Die Beschwerde der Antragstellerin ist unbegründet.
Nach § 146 Abs. 4 Satz 3 VwGO muss die Beschwerde die Gründe darlegen, aus denen
die Entscheidung abzuändern oder aufzuheben ist, und sich mit der angefochtenen
Entscheidung auseinandersetzen. Die Prüfung des Oberverwaltungsgerichts ist nach §
146 Abs. 4 Satz 6 VwGO auf die fristgemäß dargelegten Beschwerdegründe beschränkt.
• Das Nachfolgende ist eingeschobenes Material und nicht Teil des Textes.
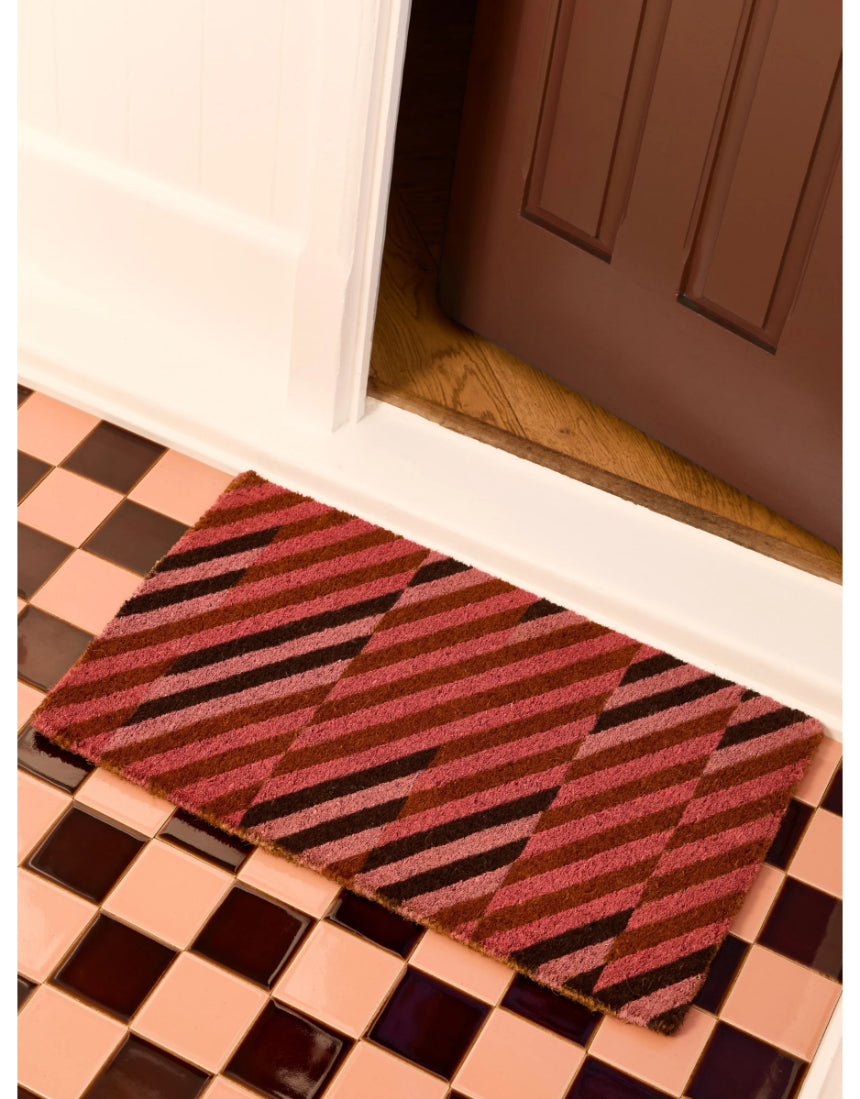 Pink patchwork door mat by Bonnie and Neil with floral and geometric patterns, ideal for welcoming entryways.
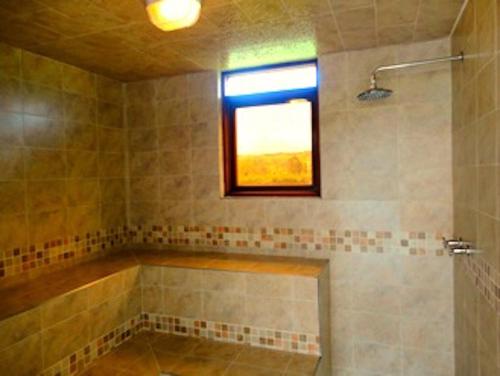 bagno con vasca e finestra di Hotel Casa de los Fundadores a Villa de Leyva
Die von der Antragstellerin mit der Beschwerde dargelegten Gründe rechtfertigen im
Ergebnis keine Änderung des angefochtenen Beschlusses, denn auf eine Verletzung des
Rücksichtnahmegebotes aus § 34 Abs. 1 BauGB wegen einer erdrückenden Wirkung des
Vorhabens der Beigeladenen oder durch unzumutbare Einsichtsmöglichkeiten auf ihr
Grundstück kann sie sich nicht stützen.
Das aus dem Begriff des Einfügens im Sinne von § 34 Abs. 1 BauGB ableitbare
Rücksichtnahmegebot kann nach der Rechtsprechung (vgl. BVerwG, Urteil vom 11.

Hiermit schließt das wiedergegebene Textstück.